# [Aim of the exercise]
Search the material for the word "with" and copy each line that holds it.

*** Provided material ***

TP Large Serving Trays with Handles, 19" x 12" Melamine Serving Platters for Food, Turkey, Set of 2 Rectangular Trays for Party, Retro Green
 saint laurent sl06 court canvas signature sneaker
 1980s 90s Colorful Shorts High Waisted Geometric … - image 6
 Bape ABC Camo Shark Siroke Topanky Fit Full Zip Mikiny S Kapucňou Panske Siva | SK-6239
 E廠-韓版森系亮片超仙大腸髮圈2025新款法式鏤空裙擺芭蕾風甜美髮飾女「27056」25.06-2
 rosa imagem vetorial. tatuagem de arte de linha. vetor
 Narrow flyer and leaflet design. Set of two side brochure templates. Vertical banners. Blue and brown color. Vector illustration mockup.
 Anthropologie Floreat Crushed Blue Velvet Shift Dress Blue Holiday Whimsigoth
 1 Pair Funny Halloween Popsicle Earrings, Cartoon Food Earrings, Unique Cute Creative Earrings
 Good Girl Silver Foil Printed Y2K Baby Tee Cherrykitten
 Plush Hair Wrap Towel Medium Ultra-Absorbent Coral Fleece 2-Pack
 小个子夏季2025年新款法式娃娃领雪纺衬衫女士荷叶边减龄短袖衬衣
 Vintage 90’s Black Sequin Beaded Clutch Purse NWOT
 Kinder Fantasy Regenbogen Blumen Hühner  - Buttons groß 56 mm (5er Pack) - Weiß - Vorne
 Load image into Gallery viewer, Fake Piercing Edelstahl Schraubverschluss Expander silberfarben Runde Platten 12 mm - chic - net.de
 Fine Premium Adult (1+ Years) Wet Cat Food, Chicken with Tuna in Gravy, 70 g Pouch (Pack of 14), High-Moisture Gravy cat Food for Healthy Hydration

*** End of Provided material ***

# [Output]
TP Large Serving Trays with Handles, 19" x 12" Melamine Serving Platters for Food, Turkey, Set of 2 Rectangular Trays for Party, Retro Green
 Fine Premium Adult (1+ Years) Wet Cat Food, Chicken with Tuna in Gravy, 70 g Pouch (Pack of 14), High-Moisture Gravy cat Food for Healthy Hydration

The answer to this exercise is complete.